Tibbs tracks down and questions the janitor from the victim's building, Mealie Williamson, and Woody Garfield, a shady character who owns the building and might have been the dead woman's pimp, who sent the janitor into hiding. Later, suspicion falls on a hood named Rice Weedon, who is pursued and shot by Tibbs in self-defense.

Tibbs’ enquiries lead him to conclude that Sharpe really is the murderer. When confronted, Sharpe confesses; he requests that Tibbs not arrest him for 24 hours, until the polls close on the city referendum. When Tibbs refuses, Sharpe, while being taken away to be arrested, purposely steps in front of a moving vehicle and is killed.

==Production==
Quincy Jones wrote the score, as he did with In the Heat of the Night, although the tone of the music in each is markedly different.
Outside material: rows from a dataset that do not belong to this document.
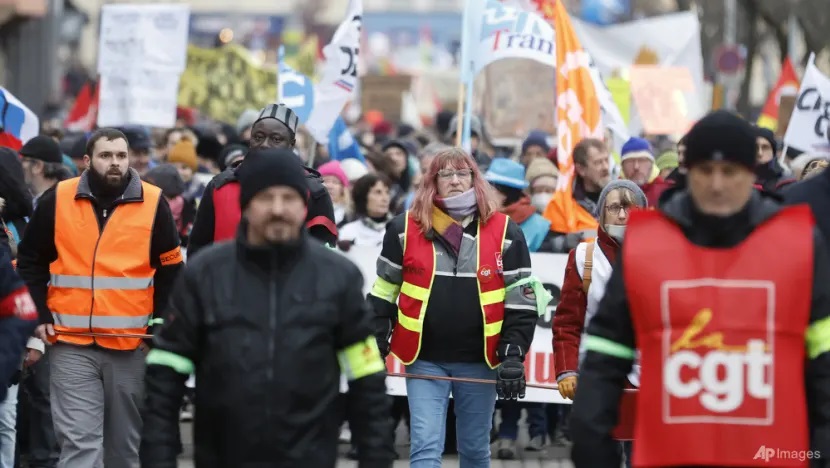 O nouă zi de proteste masive în Franța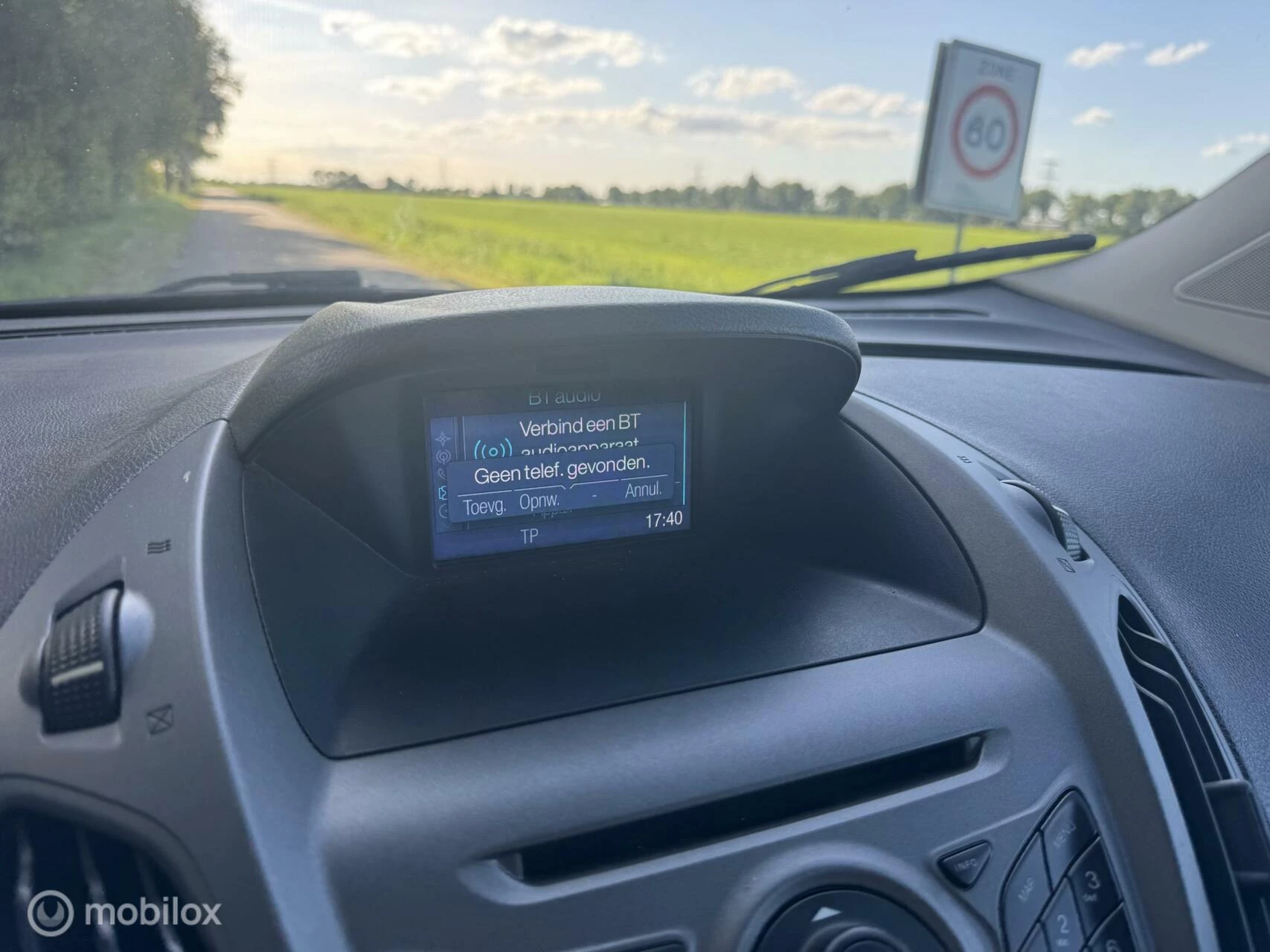 Hoofdafbeelding Ford Transit Courier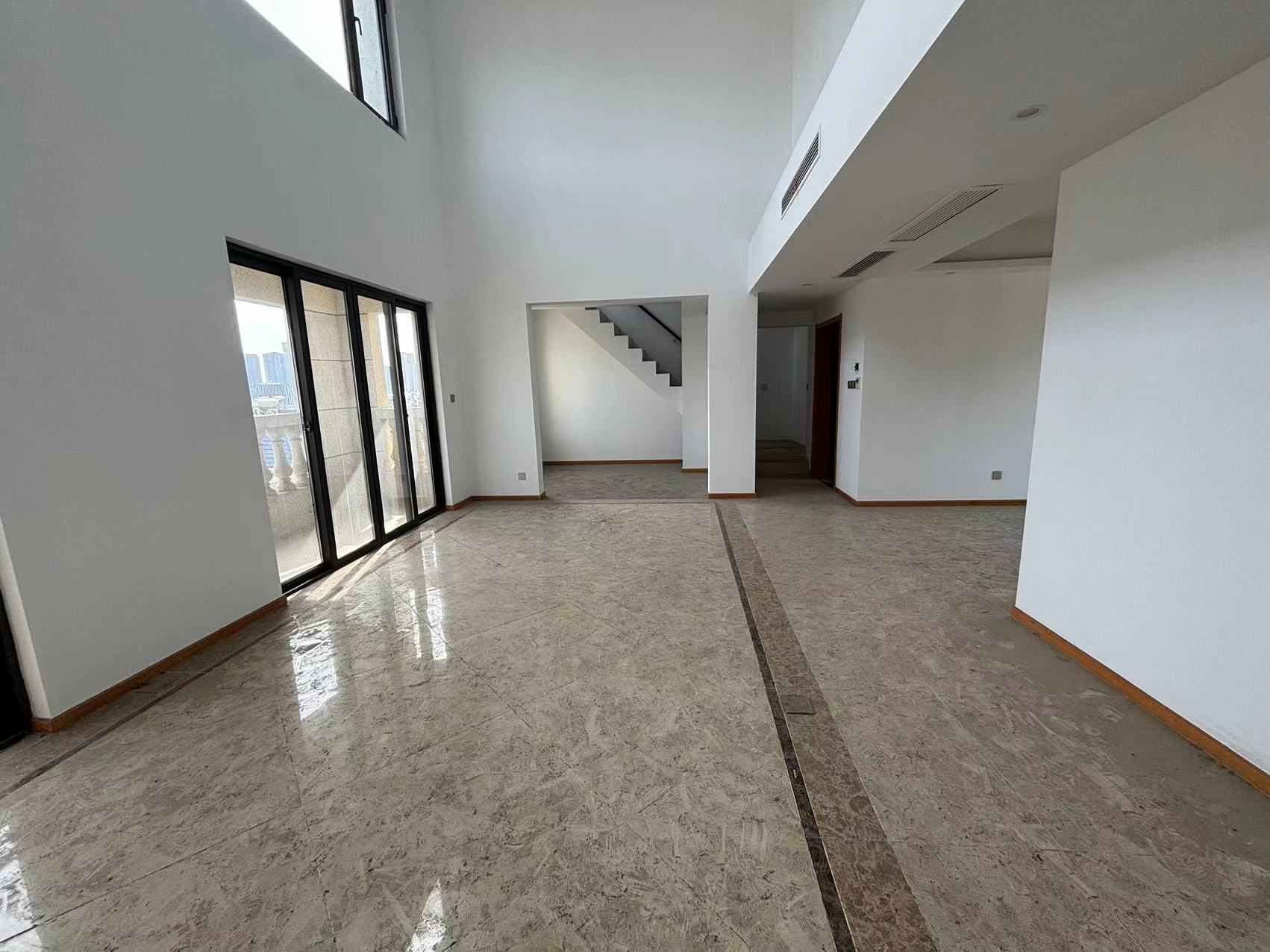 中南熙悦(南通经济技术开发区) 3室2厅2卫 122.00m&sup2;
The previous film, owing to its setting, had a country and bluesy sound, whereas his work for this film was in the funk milieu that would become Jones' trademark in the early 1970s.

The film's title was taken from Virgil's assertive response in In the Heat of the Night after the chief mockingly asked him what people call him in the city where he works.

It was followed by a third film titled The Organization (1971).

The film was the last appearance of veteran actor Juano Hernández, who died in July 1970, a few days after the film premiered.

==Reception==
The AFI Catalog of Feature Films describes the film as having opened in New York City on July 8, 1970, following lukewarm reviews. Stuart Galbraith IV of DVD Talk described the film as a routine but not-bad cop thriller, writing that Sidney Poitier's performance was very good but that the film was weakened by Gordon Douglas's direction and its subplot about Tibbs's personal life. On Rotten Tomatoes, the film has a 50% rating based on six critic reviews. It did not attract nearly as positive a response as the series' 1967 debut, In the Heat of the Night, which won five Academy Awards including the 1967 Best Picture Oscar.

==Musical score and soundtrack==

The film score was composed, arranged and conducted by Quincy Jones, and the soundtrack album was released on the United Artists label in 1970.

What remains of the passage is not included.